The Journal suggests that the UK’s “comfort” with surveillance cameras makes it ripe for this. A 2013 survey found that Britain had the highest density of surveillance technology outside of China. Since then, the number of surveillance cameras in the UK has nearly doubled from six million to 10 million—one camera for every seven people.
This anti-theft surveillance affects more than just the guilty. Facial recognition is still pretty iffy in real-world conditions, and the false negatives these systems generate could lead to harassment for no good reason except that you walked into the store.
James Lacey, a staff member at one Budgens store in
Aylesbury, southern England, said the system can ping
his phone between one and 10 times a day. People have
been known to steal large quantities of meat from the
store’s refrigeration aisle when staff members are
in the stock room, he said. The new system has helped,
he said, though about a quarter of alerts are false.
A spokesman for Facewatch said a maximum of 15% of
alerts are false positives, based on its own analysis.
(Related: an ACLU study in 2018 found that Amazon’s facial-recognition service incorrectly matched the faces of 28 members of Congress to criminal mugshots.)

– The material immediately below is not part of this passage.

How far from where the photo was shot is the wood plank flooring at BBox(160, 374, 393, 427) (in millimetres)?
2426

Automated identification has implications beyond crime prevention. What’s OK for these corporate systems to track in the first place? Gender? Race and ethnicity? Income? Browser history? Social relationships? Voting record? Sexual preference? The folks at Facewatch promise vaguely that tracking ethnicity “can help retailers understand their marketplace.” This smacks of a shrugging sensibility that “we can do it, so why wouldn’t we?” And that’s the worst reason to use a technology.

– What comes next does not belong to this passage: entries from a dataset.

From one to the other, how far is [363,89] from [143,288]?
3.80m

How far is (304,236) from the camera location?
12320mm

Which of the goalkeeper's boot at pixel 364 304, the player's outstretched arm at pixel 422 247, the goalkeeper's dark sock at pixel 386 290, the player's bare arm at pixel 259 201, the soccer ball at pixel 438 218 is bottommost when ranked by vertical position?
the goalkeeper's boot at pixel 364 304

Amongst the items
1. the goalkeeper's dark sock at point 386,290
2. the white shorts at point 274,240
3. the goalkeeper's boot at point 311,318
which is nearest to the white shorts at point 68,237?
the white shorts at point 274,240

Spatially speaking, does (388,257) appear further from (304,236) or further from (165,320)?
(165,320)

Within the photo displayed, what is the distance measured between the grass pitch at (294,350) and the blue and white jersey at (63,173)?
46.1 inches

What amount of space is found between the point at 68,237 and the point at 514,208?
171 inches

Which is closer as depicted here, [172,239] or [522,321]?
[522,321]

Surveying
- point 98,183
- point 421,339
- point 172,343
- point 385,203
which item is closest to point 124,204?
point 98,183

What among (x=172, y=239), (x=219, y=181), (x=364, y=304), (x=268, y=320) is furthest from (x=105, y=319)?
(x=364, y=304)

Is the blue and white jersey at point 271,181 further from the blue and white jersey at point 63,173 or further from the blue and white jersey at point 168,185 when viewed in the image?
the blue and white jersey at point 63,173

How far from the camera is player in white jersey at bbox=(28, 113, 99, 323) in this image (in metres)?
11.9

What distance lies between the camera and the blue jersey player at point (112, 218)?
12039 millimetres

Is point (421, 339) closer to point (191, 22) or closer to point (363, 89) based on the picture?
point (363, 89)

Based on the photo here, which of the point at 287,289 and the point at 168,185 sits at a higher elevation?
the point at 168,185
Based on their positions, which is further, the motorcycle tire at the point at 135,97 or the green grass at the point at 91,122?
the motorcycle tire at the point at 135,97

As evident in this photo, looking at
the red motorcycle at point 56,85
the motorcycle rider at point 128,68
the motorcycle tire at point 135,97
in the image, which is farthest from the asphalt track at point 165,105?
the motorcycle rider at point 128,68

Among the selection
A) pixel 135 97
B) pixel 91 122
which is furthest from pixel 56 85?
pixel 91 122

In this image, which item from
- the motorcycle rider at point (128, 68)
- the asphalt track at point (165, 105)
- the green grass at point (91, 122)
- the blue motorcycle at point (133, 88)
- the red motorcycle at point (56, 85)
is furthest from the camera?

Regulation is evolving, but remains vague and often unenforced. Europe’s well-intentioned privacy regulation, the GDPR, puts facial and other biometric data in a special category that requires a company to have a “substantial public interest” in capturing and storing it. That’s fuzzy enough that companies can arguably allow companies to use the technology to fight crime. Tracking ethnicity to “help retailers understand their marketplace” seems like less of a slam dunk. There is also a gray area around how long businesses can hold on to such footage, or use it for other business purposes.
We should adopt a position on this stuff both culturally and civically. If we don’t, the technology will decide for us. What will your company’s position be? And how about you? What’s your stance as a practitioner designing the technology that will set the behaviors and expectations of the next generation?
Facebook sent employees home for the holidays with robot talking points—in case the family had any questions about, y’know, the company’s cynical, grasping, overreaching, damaging, and irresponsible business model and use of technology. (Bots, it seems, are the only ones left who can deliver these lines with a straight face.) The New York Times reports:
If a relative asked how Facebook handled hate speech, for example, the chatbot — which is a simple piece of software that uses artificial intelligence to carry on a conversation — would instruct the employee to answer with these points:
Facebook consults with experts on the matter.
It has hired more moderators to police its content.
It is working on A.I. to spot hate speech.
Regulation is important for addressing the issue.